Is gender associated with marks scored or salary? How do you find out?
Association between a categorical variable and a numerical variable.
Today I thought I will cover something that kind of excited me for the first time when I was learning statistics.
Association between a categorical variable and a numerical variable. What exactly does that mean? Let us consider an example of Gender and Salary or Gender and Marks. Salary and Marks are numerical variables. They take numbers as values.
Gender is a categorical variable.
Given a set of data, how can we check whether salary and gender are related?
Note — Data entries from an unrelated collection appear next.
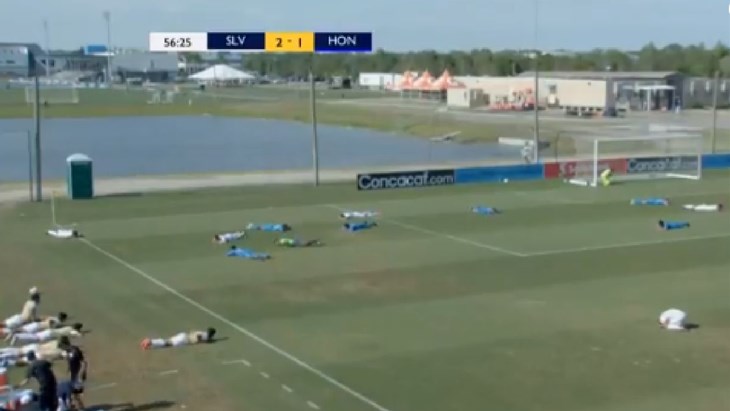 FANATIK: Roj pčela nakratko prekinuo utakmicu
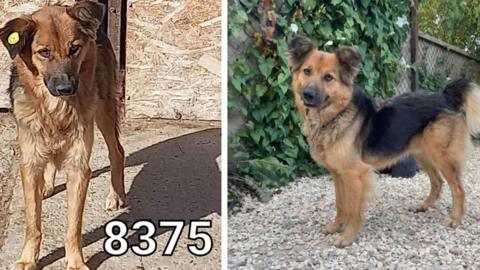 A mixed-breed dog in a kill shelter looking sad and poorly with a tag in his ear, and a second picture of the same dog looking much more healthy in the rescue centre in Hull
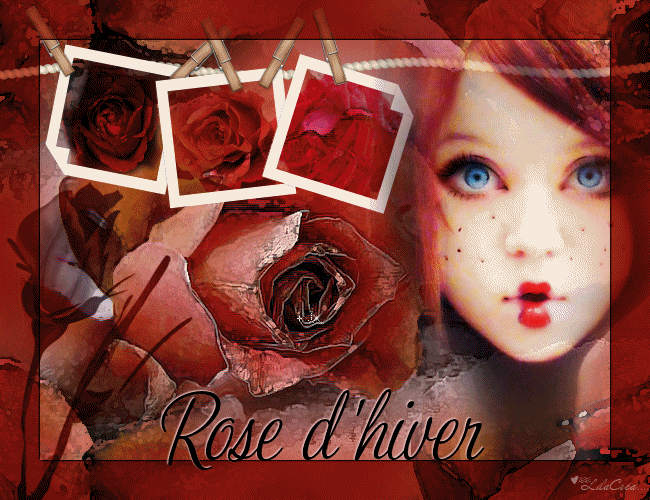 rose_hiver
Or marks and gender are related?
The correlation between these kinds of variables can be measured using what is called as a point biserial correlation coefficient.
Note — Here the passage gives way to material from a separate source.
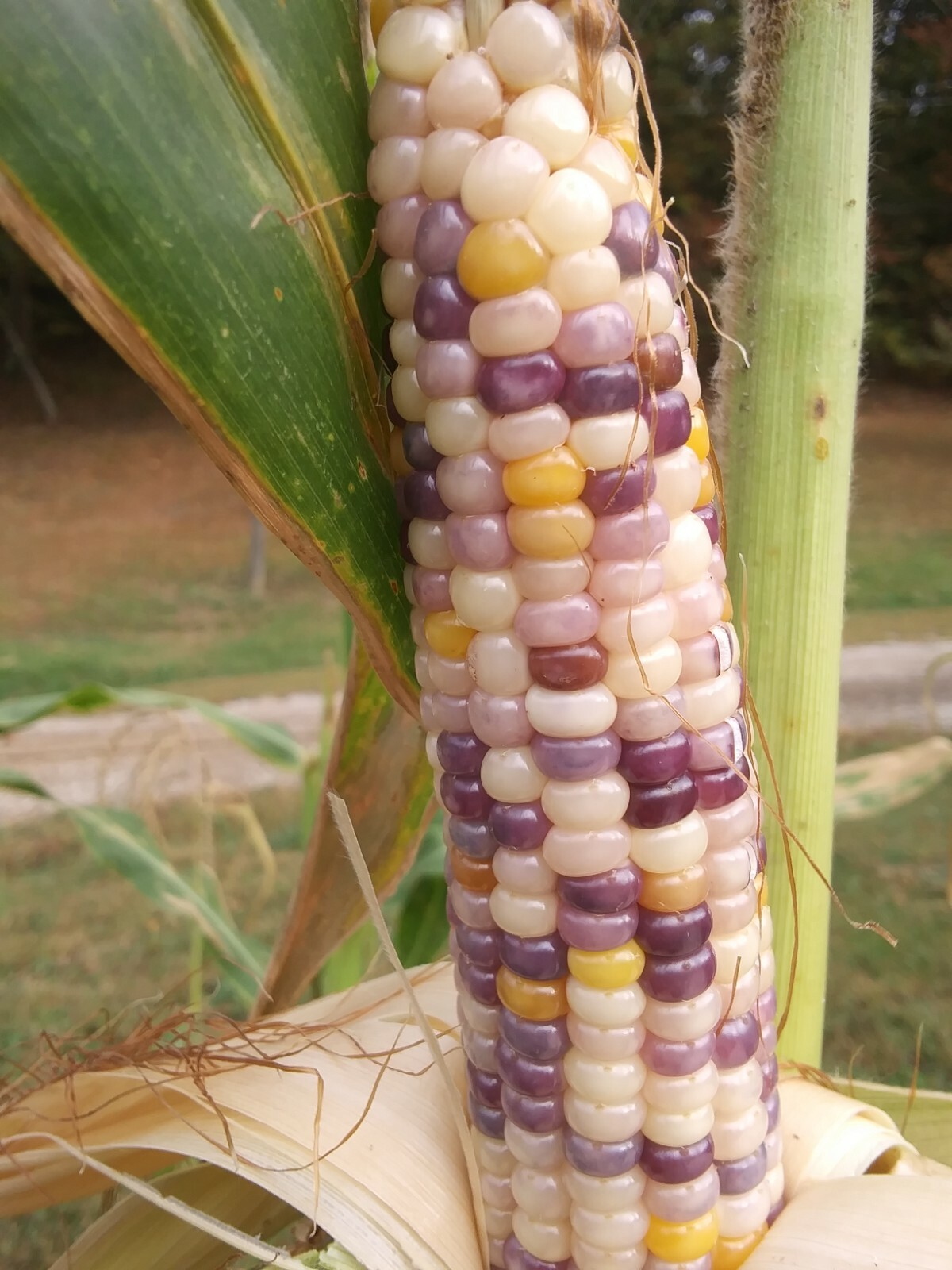 100 GLASS GEM INDIAN CORN SEEDS 2021 HARVEST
The formula for the point biserial correlation coefficient is given by:
$$R_{pb}= {\frac{Y_0-Y_1}{S_x}}*\sqrt{P_0P_1} $$
$$Y_0 - is\, the\, mean\, of\, the\, category\, encoded\, as\, 0 $$
$$Y_1 - is\, the\, mean\, of\, the\, category\,encoded\, as\, 1$$
$$ S_x - sample\, standard\, deviation\, of\, the\, numerical\, variable\, $$
$$P_0 - proportion\, of\, data\, corresponding\, to\, data\, set\, 0$$
$$ P_1 - proportion\, of\, data\, corresponding\, to\, data\, set\, 1$$
When the point bi serial coefficient is near to 1, it shows that the categorial variable and the numerical variable are associated.
Let us see how point bi serial coefficient can be put to use with an example.
Below is an example from IIT Madras's course content. Given is the salary of a sample of nurses.
Let us calculate each of the values one by one.
Let us encode F as 0 and M as 1.
That way:
$$average\,salary\,of\,females\, y_0 = \frac{(46+47+40+45+50+55+60+69+70+75+80)}{11}$$
$$ \therefore y_0 = 57.909$$
$$average\,salary\,of\,males\, y_1 = \frac{34 +18+22+34+36+35+28+44+33}{9}$$
$$ \therefore y_1 = 31.556$$
$$proportion\,of\,females\, p_0 = \frac{11}{(9+11)} = 0.55 $$
$$proportion\,of\,males\, p_1 = \frac{9}{(9+11)} = 0.45$$
$$ Sample\, standard\,deviation\,of\,x\: S_X = 17.47 (calculated\, using\, a\, spreadsheet\, as\, below)$$
Now applying the formula,
$$R_{pb} = {\frac{57.909-31.556}{17.47}}*\sqrt(0.55*0.45)$$
$$ R_{pb} = 0.75$$
This shows that bi serial correlation coefficient is close to 1 and there is a strong correlation between gender and salary in the case of nurses data provided here. And that female nurses are better paid in this case.